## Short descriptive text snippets

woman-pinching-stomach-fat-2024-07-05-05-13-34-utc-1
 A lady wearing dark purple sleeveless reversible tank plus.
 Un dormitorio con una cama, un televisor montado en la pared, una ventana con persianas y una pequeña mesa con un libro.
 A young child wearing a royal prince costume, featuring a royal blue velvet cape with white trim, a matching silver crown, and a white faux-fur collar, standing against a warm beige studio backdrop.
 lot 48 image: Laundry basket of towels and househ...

## ABOUT THIS EXERCISE
Reply with an exact copy of the lines running from the one containing "A young child" through the end of the entries above, both ends included.

## ANSWER
 A young child wearing a royal prince costume, featuring a royal blue velvet cape with white trim, a matching silver crown, and a white faux-fur collar, standing against a warm beige studio backdrop.
 lot 48 image: Laundry basket of towels and househ...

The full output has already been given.